» **Goal of the exercise**
Up to and including the line with "The Autobiography of Benjamin Franklin", output the records exactly as they appear.
———
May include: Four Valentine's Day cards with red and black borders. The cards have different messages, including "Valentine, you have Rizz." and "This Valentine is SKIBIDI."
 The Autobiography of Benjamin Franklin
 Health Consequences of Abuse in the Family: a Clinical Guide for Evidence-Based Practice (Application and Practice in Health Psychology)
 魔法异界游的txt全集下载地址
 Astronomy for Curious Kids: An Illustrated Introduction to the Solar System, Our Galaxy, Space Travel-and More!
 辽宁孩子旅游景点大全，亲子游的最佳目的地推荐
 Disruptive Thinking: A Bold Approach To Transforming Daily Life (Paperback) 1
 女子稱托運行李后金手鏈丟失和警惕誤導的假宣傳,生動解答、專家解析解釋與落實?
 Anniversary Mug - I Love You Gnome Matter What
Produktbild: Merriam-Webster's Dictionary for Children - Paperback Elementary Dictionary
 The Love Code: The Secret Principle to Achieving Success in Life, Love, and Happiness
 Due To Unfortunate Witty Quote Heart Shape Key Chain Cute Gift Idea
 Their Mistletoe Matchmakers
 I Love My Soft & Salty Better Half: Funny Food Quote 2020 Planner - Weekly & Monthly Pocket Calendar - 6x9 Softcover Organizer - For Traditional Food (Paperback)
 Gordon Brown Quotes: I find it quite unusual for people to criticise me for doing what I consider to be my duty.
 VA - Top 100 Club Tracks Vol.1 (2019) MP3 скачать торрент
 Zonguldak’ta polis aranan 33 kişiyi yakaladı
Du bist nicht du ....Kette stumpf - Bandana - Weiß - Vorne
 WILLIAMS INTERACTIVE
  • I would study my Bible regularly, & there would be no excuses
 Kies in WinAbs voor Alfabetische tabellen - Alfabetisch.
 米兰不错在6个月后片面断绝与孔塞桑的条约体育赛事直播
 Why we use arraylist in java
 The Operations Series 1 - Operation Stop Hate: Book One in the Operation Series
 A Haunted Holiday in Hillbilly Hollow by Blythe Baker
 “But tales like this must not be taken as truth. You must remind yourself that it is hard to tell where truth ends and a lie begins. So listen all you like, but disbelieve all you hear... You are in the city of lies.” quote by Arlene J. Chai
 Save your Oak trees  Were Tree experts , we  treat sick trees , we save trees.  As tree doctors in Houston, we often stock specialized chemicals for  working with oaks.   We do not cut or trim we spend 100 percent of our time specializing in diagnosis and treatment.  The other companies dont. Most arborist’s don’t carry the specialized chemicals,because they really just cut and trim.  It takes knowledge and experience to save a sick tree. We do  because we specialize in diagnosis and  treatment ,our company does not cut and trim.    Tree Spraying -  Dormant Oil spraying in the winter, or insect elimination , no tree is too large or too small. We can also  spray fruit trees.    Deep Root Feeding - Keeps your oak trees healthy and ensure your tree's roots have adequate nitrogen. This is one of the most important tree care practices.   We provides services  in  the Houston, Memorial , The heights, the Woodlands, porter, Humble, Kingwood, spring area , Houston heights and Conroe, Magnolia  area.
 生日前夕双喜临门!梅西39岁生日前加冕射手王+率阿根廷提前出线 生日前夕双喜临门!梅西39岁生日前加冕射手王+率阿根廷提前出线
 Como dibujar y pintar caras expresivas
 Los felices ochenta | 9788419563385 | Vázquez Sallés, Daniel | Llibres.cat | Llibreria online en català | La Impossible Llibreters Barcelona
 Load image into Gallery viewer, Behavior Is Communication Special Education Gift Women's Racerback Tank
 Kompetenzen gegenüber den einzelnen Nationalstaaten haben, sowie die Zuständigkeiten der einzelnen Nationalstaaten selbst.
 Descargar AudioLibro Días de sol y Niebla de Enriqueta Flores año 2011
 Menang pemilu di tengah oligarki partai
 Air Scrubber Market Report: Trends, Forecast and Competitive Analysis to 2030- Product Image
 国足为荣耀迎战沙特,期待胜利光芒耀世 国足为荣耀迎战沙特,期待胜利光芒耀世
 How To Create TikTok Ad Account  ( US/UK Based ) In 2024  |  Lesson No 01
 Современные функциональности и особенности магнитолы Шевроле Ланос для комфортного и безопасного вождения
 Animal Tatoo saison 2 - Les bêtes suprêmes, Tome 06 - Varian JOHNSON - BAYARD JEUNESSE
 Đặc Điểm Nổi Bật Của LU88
———
» **Result below**
May include: Four Valentine's Day cards with red and black borders. The cards have different messages, including "Valentine, you have Rizz." and "This Valentine is SKIBIDI."
 The Autobiography of Benjamin Franklin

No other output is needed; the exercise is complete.